Corrigan Restructures Municipal Court – Moving Violations to Go to State Now

July 18, 2017 – In an unexpected move, Acting Town Manager Gayle Corrigan announced Tuesday that moving violations will no longer be heard in Municipal Court but will instead be heard by the Rhode Island Traffic Tribunal. Restructuring of the court had been on the Town Council’s agenda last Monday, but that meeting was adjourned before most agenda items were heard (including Municipal Court) after it dissolved into a yelling match and the fire marshal decided there were too many people in Council Chambers.

Ordinance violations (for instance, being caught with your dog off leash), housing violations (for instance, failure to mow your lawn), and parking tickets will continue to be heard in Municipal Court, which meets twice a month at Town Hall.

“This restructure will alleviate onerous compliance of fiduciary duties associated with traffic violations and save the Town $32,000 in software upgrades,” the announcement on the town’s website reads, referring to a software purchase required by the Department of Motor Vehicles that would cost the town $11,000 this year and $7,000 in each of the next three years.

The Municipal Court first popped up on the Town Council’s agenda during the winter, including discussion of the software purchase. The council ended up voting 3-2 to retain the court.

The court ended up back on the Town Council’s agenda on June 26, this time as “restructuring of Municipal Court.” Corrigan had been on the job for 10 days at that point and this was her first council meeting. She recommended getting rid of the court entirely, citing potential cost savings, including not having to make the DMV software purchase.

But the council stopped short of voting to get rid of the court after hearing from the municipal court judge, David Bazar.

Bazar, a resident who has been the town’s municipal court judge since 2003 (he is paid $5,000 a year), noted that he had never talked to Corrigan about the court and had only heard the court was on the agenda from his clerk. He said he didn’t think the council should abolish the court based on what he called incomplete information. He said traffic violation fees are shared between the town and RITT and that income would be lost. In addition, Bazar said, police overtime would almost certainly go up because issues that are resolved in pretrial hearings at the municipal court would require a trial at RITT, a longer and more involved process.

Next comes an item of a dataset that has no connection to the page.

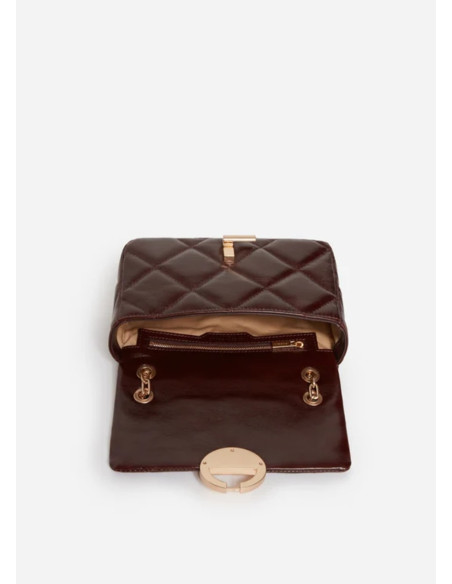 VANESSA BRUNO BOLSO MOON MOYEN CHOCOLAT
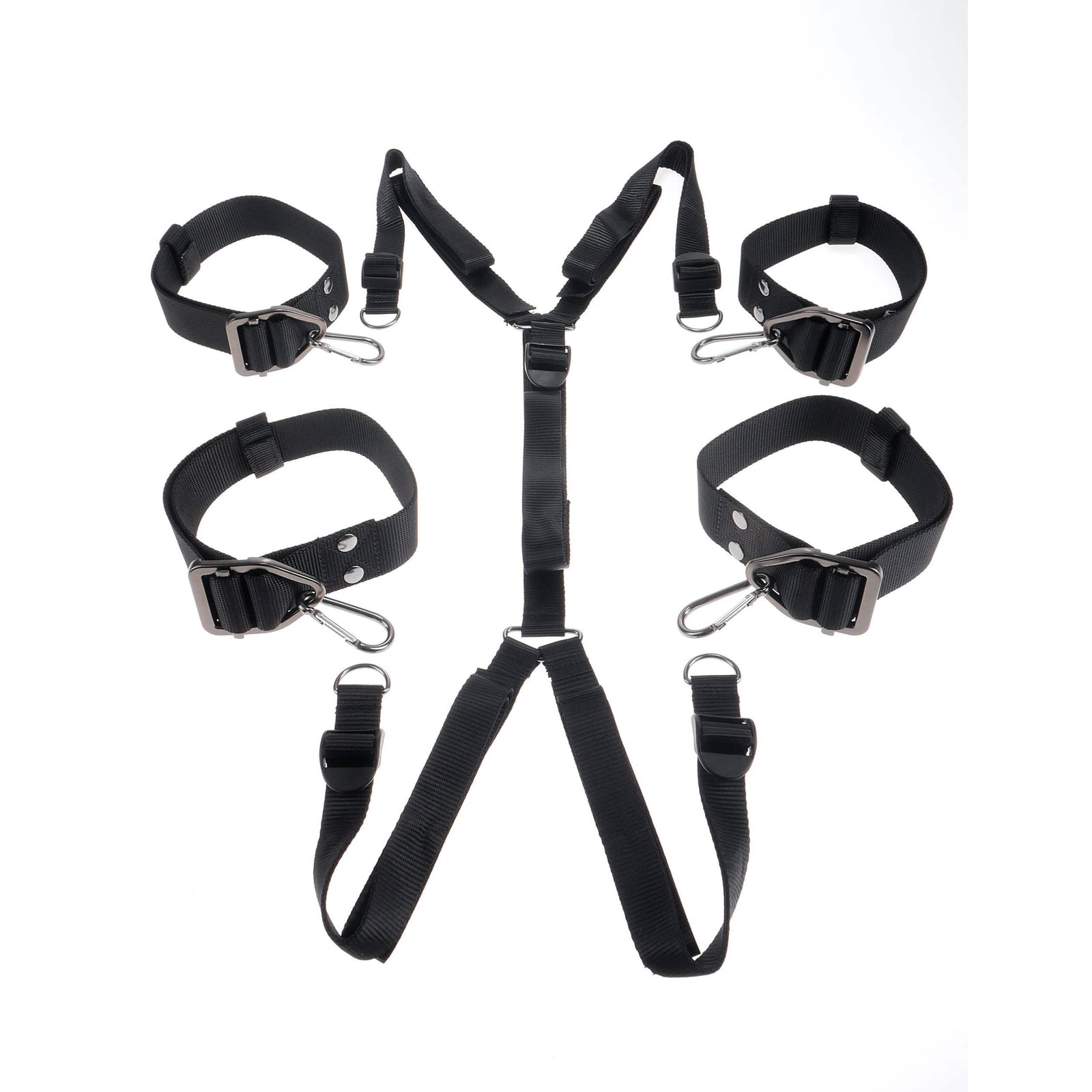Sir Richards - Command Under Mattress Bondage Straps (Black) - Bed Restraint Durio.sg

The Town Council tabled the discussion June 26. It was placed on the agenda for the July 10 meeting.

“We wanted to have a public discussion about it,” said Council Vice President Sean Todd of why it was on the July 10 agenda. As for what changed between July 10 and now, Sean said, the acting town manager had the authority to take such actions on her own. Indeed, the press release mentions the town manager’s authority over municipal court:

“Under Chapter 72, § 72-18 of the Code of Ordinances, Municipal Court ‘shall be administered by the Town Manager. All matters of administration shall be the sole responsibility and in the sole jurisdiction of the Town Manager.’ The provision also gives the Town Manager authority to determine which cases will be heard in Municipal Court.”

It may have been Judge Bazar that alerted Corrigan to that clause in the municipal code. He said they finally spoke by phone for the first time on July 11, one day after the aborted Town Council meeting.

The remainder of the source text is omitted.